▶ [Problem to solve]: From the line that contains "K10WG ダイヤモンド イヤリング" through the last line of the data, copy everything exactly and nothing else, omitting the pictures.

▶ [Supplied information]:

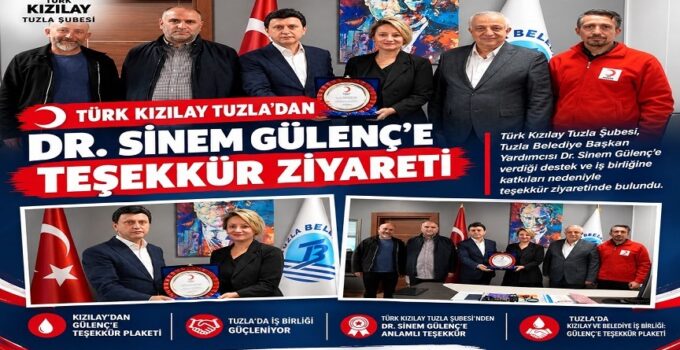 TÜRK KIZILAY TUZLA’DAN DR. SİNEM GÜLENÇ’E TEŞEKKÜR ZİYARETİ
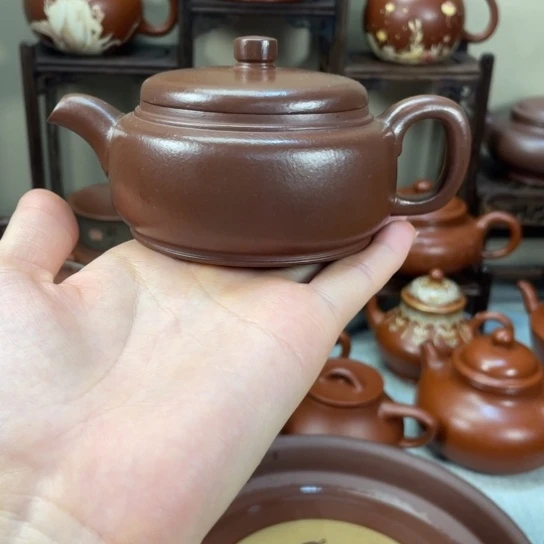 紫砂茶壶全手工制作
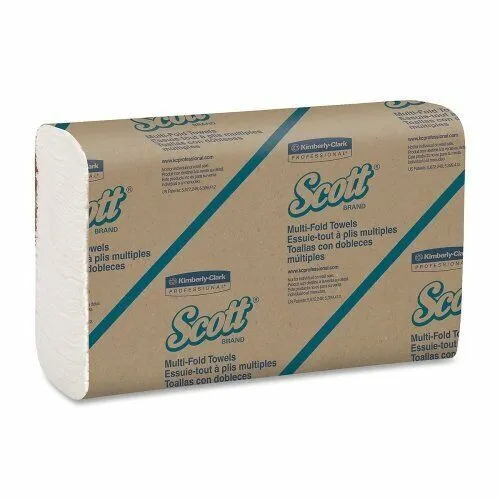 Scott Multi Fold Paper Towel - 250 Per Pack - 4000 / Carton - 9.20" X 9.40" -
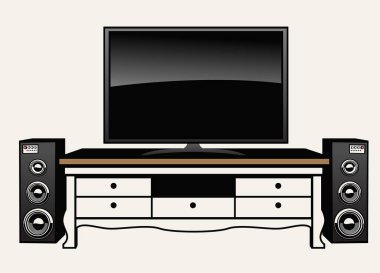 dev düz televizyon ve ses sistemi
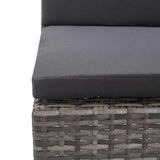 vidaXL 6-delige Loungeset met kussens poly rattan bruin
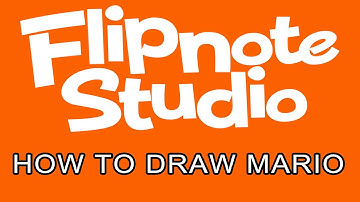 Flipnote Studio (DSiWare) - How to Draw Mario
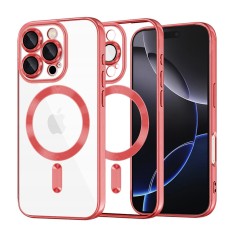 Husa premium iPhone 16 Pro Max Techsuit Luxury Crystal MagSafe, rosu foto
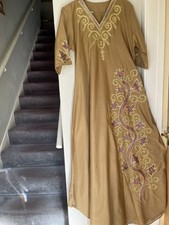 Embroidered maxi dress for sale  GLASTONBURY
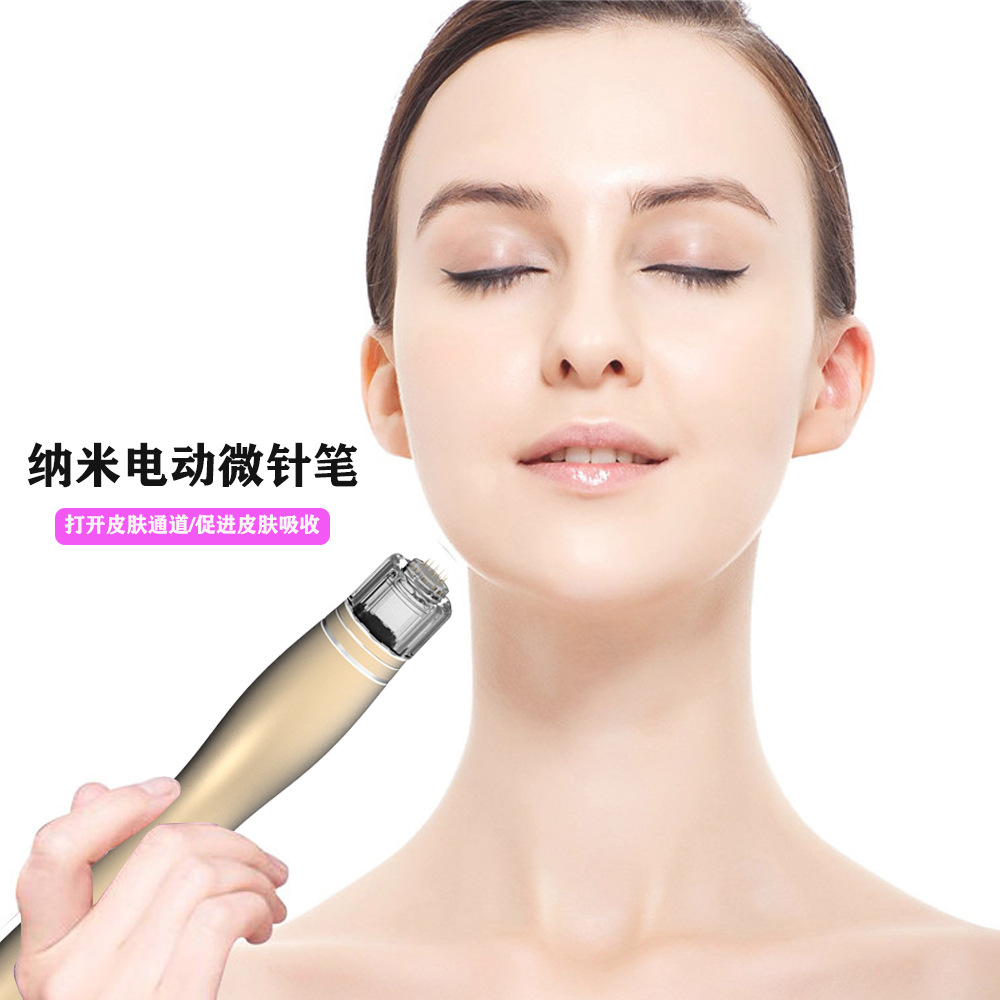 m1电动微针笔 无线微晶水光导入仪 飞梭针头微针精华导入水光笔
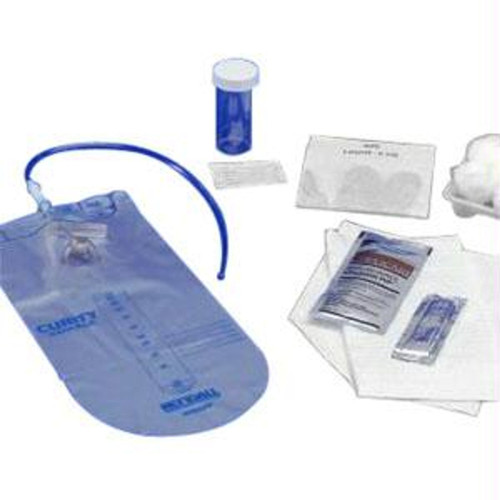 Curity Dover Closed Urethral Catheter Tray 14 to 16Fr, Ultramer Red Rubber
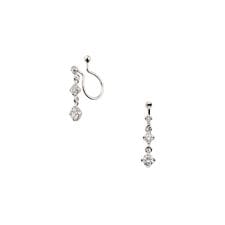 K10WG ダイヤモンド イヤリング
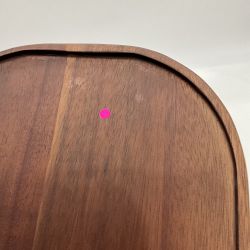 OPEN BOX: Marble Cheese Board Set with Knives, Walnut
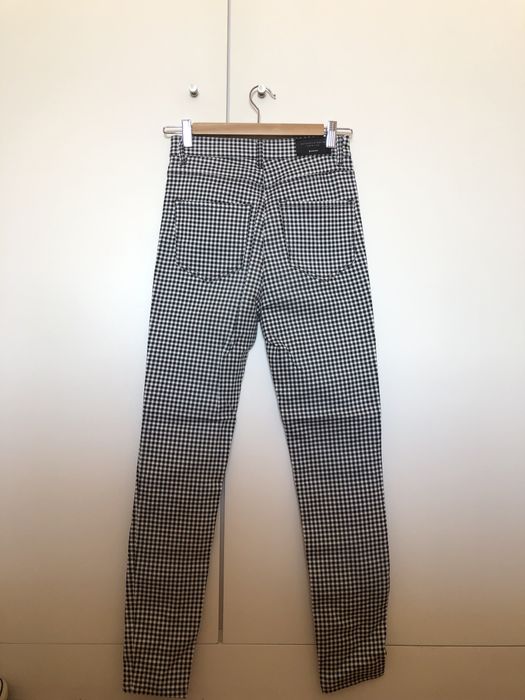 Calças skinny aos quadrados Stradivarius 36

▶ [Reply to the task]:
 K10WG ダイヤモンド イヤリング
 OPEN BOX: Marble Cheese Board Set with Knives, Walnut
 Calças skinny aos quadrados Stradivarius 36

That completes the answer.